One student, who also requested anonymity, was admitted to the emergency room for a sports-related injury last year. The student said she felt uncomfortable when a staff member asked about one of her daily medications.

"I told her it was birth control and she simply raised her eyebrows at me, without giving me a chance to tell her I was on it for the hormones, not to have loads of promiscuous pre-marital sex?as her look suggested!" said the student.

McWilliams suggested that students' feelings about emergency room visits, especially those related to alcohol, may be a perception. She assured that the hospital is accustomed to seeing illnesses and cases that directly confront traditional religious values, and that religious judgments have no place alongside providing care for the patient.

"That's not a factor in health care," she said. "You would be floored at the stuff that walks through our doors."

If a lecture is delivered to a patient at the hospital, Nichols agreed that it is probably advice for the future given out of professional medical concern, and not from a religious standpoint.

"I've been very pleased with our relationship with Parkview," Nichols said. "I've really got the sense that they work well with us."

"Religious affiliation has no effect on the quality of care," said Director of Health Services Sandra Hayes.

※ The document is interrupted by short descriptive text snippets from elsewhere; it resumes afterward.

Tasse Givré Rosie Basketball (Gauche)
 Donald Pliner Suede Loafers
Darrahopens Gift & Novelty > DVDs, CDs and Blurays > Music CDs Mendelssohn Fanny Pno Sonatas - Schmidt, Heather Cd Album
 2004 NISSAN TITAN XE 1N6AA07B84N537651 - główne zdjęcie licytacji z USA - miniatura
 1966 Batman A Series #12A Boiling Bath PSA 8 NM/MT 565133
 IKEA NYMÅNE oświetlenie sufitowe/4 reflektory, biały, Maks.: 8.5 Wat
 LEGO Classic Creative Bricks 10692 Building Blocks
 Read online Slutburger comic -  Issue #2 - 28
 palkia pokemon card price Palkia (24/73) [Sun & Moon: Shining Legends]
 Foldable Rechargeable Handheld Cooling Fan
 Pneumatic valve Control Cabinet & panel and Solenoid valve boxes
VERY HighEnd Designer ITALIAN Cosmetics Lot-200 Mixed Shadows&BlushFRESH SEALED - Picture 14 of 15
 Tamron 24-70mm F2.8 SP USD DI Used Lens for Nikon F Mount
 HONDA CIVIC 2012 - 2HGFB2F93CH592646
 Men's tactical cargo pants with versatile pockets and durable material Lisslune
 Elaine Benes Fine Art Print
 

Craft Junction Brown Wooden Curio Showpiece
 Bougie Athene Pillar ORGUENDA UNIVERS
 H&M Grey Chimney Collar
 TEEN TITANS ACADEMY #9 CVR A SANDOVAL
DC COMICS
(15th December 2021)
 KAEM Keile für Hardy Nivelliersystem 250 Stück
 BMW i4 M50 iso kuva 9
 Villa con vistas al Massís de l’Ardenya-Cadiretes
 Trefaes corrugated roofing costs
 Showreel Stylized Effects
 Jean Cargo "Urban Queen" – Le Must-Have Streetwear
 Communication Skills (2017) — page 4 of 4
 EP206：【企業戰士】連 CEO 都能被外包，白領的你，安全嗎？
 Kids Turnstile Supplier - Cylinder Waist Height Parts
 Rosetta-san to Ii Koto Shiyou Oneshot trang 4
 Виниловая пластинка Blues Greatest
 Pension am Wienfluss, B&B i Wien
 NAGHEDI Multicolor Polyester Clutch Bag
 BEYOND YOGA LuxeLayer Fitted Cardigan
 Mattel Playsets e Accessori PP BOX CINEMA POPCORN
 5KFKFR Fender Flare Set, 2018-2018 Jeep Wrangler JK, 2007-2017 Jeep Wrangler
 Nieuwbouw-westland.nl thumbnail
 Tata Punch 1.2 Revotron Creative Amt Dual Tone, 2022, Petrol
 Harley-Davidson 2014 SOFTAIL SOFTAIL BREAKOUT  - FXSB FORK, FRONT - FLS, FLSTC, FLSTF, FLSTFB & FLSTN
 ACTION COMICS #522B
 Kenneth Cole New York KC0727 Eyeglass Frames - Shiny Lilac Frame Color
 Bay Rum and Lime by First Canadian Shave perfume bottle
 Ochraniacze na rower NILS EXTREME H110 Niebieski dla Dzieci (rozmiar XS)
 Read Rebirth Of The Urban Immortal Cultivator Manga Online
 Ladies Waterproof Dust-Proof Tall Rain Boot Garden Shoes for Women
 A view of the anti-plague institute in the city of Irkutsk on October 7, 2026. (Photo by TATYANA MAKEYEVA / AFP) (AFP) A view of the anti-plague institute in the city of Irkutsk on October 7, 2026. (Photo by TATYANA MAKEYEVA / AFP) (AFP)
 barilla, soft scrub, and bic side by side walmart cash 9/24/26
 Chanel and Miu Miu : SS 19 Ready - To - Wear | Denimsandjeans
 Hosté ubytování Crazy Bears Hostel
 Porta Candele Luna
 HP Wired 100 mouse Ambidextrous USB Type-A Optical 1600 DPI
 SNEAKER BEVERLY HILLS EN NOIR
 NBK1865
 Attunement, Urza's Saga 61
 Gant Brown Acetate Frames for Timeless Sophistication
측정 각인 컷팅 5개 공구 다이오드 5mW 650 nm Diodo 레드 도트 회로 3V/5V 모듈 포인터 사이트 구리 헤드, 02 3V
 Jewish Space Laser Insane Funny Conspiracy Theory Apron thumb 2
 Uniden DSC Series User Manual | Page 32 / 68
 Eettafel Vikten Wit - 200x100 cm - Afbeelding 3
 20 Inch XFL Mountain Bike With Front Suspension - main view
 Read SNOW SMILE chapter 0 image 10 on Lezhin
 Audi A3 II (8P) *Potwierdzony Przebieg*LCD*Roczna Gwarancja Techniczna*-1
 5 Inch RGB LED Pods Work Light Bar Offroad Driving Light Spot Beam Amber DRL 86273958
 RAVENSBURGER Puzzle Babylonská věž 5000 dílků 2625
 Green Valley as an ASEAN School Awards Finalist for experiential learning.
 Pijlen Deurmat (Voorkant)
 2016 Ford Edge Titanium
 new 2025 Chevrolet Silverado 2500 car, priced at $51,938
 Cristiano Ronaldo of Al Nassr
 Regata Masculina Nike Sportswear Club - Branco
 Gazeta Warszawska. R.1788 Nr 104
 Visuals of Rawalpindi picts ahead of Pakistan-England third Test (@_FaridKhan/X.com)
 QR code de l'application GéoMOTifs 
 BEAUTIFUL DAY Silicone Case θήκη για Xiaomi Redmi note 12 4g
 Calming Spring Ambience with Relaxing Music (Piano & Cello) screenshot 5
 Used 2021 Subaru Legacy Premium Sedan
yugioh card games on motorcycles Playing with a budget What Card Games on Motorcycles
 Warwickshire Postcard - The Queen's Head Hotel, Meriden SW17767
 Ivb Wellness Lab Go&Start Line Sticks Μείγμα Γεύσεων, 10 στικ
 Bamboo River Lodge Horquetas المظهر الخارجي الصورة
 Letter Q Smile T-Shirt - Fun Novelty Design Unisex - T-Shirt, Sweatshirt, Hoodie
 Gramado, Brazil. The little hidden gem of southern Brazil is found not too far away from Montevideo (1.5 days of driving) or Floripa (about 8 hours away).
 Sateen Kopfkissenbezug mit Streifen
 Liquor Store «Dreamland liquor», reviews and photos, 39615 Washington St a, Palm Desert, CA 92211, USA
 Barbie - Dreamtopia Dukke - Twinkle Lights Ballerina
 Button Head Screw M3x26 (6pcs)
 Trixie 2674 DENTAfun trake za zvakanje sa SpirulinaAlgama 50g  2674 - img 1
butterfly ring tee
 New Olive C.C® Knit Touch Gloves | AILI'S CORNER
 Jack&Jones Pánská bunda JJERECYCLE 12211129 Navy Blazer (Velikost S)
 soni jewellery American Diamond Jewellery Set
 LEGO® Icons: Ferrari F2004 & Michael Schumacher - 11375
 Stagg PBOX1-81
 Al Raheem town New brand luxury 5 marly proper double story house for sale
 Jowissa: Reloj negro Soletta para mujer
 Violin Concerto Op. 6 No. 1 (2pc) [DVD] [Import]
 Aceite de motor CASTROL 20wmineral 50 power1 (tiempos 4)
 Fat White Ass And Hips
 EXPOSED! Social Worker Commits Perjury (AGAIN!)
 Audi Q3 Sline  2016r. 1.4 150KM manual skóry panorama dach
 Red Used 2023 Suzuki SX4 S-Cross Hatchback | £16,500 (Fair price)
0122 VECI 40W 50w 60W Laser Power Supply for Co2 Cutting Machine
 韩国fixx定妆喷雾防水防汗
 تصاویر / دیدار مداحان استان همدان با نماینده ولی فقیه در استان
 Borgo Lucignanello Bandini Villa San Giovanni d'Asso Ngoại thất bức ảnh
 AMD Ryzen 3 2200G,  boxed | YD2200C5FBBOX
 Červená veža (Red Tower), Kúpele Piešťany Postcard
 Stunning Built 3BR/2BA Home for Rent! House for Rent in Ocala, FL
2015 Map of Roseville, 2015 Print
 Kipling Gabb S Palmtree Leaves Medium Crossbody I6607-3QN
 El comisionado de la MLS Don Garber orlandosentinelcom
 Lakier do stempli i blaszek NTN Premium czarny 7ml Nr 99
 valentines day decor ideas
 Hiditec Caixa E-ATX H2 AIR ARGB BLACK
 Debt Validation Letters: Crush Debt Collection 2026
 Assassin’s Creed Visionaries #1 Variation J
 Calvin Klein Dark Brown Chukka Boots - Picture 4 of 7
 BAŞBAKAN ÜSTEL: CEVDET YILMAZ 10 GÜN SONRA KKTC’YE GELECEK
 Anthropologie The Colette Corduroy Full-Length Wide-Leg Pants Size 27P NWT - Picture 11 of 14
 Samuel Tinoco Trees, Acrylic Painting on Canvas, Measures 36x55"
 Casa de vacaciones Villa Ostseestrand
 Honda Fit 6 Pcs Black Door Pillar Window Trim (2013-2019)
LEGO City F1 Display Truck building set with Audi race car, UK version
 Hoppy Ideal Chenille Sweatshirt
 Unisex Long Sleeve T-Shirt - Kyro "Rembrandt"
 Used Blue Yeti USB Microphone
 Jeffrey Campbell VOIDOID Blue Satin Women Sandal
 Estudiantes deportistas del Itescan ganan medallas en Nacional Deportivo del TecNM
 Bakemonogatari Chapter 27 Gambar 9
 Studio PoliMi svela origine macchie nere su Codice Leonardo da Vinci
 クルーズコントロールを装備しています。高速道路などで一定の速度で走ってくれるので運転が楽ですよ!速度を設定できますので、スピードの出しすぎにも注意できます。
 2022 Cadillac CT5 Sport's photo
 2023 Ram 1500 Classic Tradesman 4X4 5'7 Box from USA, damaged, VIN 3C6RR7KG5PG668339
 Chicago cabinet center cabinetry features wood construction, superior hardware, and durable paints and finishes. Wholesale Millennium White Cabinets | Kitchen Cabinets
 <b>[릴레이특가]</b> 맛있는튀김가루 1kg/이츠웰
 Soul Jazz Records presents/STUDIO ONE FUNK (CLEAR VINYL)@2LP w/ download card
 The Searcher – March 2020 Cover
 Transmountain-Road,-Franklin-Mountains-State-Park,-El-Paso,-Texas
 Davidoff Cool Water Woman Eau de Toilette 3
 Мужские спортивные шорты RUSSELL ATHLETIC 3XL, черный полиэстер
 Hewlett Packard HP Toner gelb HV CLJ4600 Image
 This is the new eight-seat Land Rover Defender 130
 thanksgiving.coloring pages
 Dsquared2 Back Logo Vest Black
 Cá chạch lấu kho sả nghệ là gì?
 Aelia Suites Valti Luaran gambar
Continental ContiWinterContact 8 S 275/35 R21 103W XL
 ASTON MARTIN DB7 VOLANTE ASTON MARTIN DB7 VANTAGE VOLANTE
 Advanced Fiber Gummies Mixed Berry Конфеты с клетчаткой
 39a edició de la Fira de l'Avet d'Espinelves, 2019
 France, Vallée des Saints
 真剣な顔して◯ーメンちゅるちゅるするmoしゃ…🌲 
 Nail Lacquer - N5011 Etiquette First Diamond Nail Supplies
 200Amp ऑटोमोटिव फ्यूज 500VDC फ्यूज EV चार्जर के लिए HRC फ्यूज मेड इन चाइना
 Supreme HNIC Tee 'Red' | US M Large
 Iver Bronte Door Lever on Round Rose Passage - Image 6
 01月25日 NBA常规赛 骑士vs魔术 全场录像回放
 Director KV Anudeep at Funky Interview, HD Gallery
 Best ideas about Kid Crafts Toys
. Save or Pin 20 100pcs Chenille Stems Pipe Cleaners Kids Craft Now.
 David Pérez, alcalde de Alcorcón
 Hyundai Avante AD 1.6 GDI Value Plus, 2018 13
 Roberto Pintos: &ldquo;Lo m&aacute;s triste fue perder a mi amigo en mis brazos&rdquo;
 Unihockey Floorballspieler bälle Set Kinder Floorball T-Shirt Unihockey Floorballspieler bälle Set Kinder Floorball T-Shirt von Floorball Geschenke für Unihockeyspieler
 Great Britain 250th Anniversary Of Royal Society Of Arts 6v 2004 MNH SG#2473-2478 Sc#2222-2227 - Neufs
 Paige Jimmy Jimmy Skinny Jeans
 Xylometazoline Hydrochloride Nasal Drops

Though there are two hospitals in the area, Security and Brunswick Rescue default to Parkview when transporting Bowdoin students because it is closer than Mid Coast.

"Either hospital in the area does great work and quality work, regardless of religious affiliation," said Hayes.

Despite the reservations that some students have about the hospital, many agree that the care they receive there is no different than the care they would receive somewhere else.

"The only way I've ever noticed Parkview's relationship to religion are the crucifixes on the walls," said Ian Yaffe '09. Otherwise, it's just a smaller hospital that is overshadowed by Mid Coast."

Wilson Dippo '12 visited Parkview four times this semester after breaking his wrist. He said that while people told him about Parkview's religious affiliation, his main priority was to receive medical care and he views Parkview as he would any other hospital.

"What they have on the walls doesn't really make a difference," Dippo said.